A common cause of stroke and dementia, small vessel disease (SVD), can now be detected in brain CT scans using AI algorithms.

Scientists from Imperial College London (ICL), in the UK used machine learning (ML) to diagnose the neurological disease and say their technique will enable clinicians to deliver treatments more quickly in emergency settings.

Dr Paul Bentley, Clinical Senior Lecturer at ICL said: “This is the first time ML methods accurately measured a marker of SVD in patients presenting with stroke or memory impairment, who undergo CT scanning.

“Our technique is consistent and achieves high accuracy relative to an MRI scan – the current gold standard technique for diagnosis. This could lead to better treatments and care for patients in everyday practice.”

Doctors currently diagnose SVD by looking for changes to white matter in the brain during CT or MRI scans, which are the preferred method but less widely available.

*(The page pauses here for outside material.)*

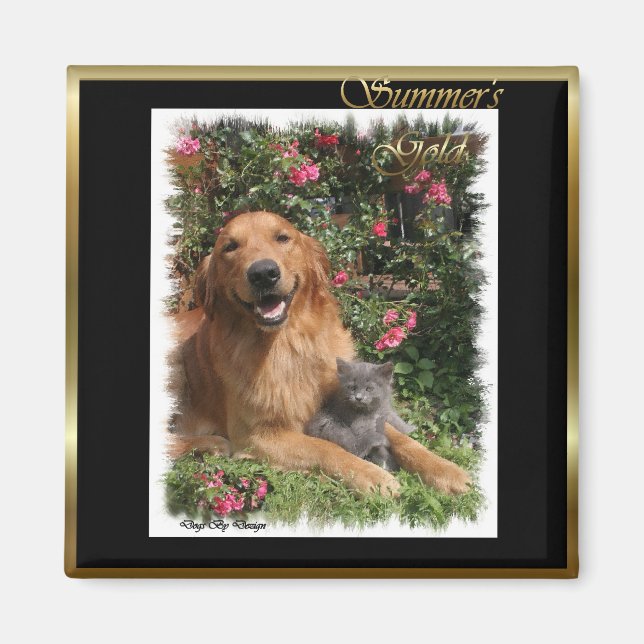 Íman Ofertas de Arte para ouros Retriever (Frente)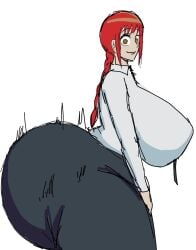ass big_ass big_breasts breasts chainsaw_man clothed clothing employee_uniform huge_ass large_ass large_breasts makima_(chainsaw_man) momiji_(artist) no_background shaking shaking_butt thick_thighs thunder_thighs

When looking at CT scans it is often difficult to decide where the edges of the disease are and so accurately estimate its severity.

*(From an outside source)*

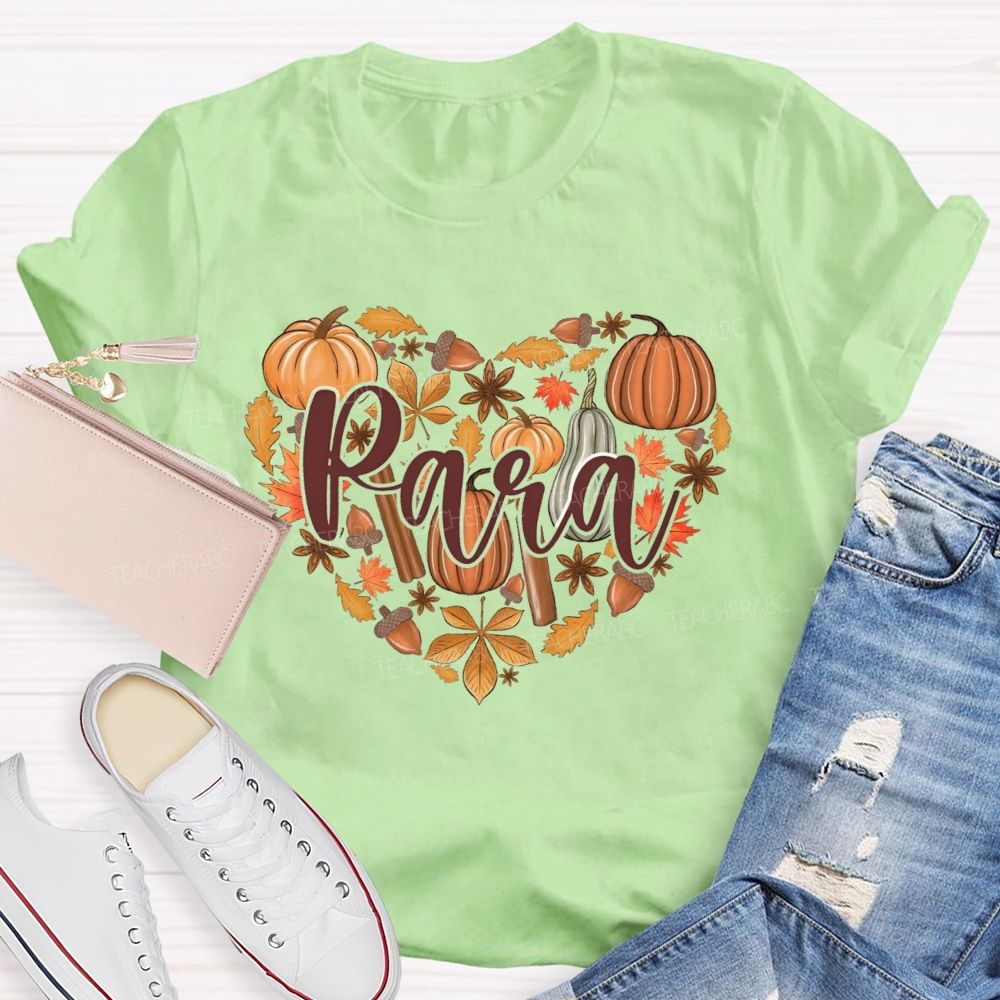 Para Pumpkin Heart Fall Leaves Acorn Thanksgiving Teacher T-shirt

Dr Bentley added: “Current methods to diagnose the disease through CT or MRI scans can be effective, but it can be difficult for doctors to diagnose the severity of the disease by the human eye.

“The importance of our new method is that it allows for precise and automated measurement of the disease.  This also has applications for widespread diagnosis and monitoring of dementia, as well as for emergency decision-making in stroke.”

The study, published in Radiology, took place at Charing Cross Hospital and used historical data of 1082 CT scans of stroke patients across 70 hospitals in the UK between 2000-2014.

Researchers at Imperial College found the level of agreement of the software with the experts was as good as agreements between one expert with another.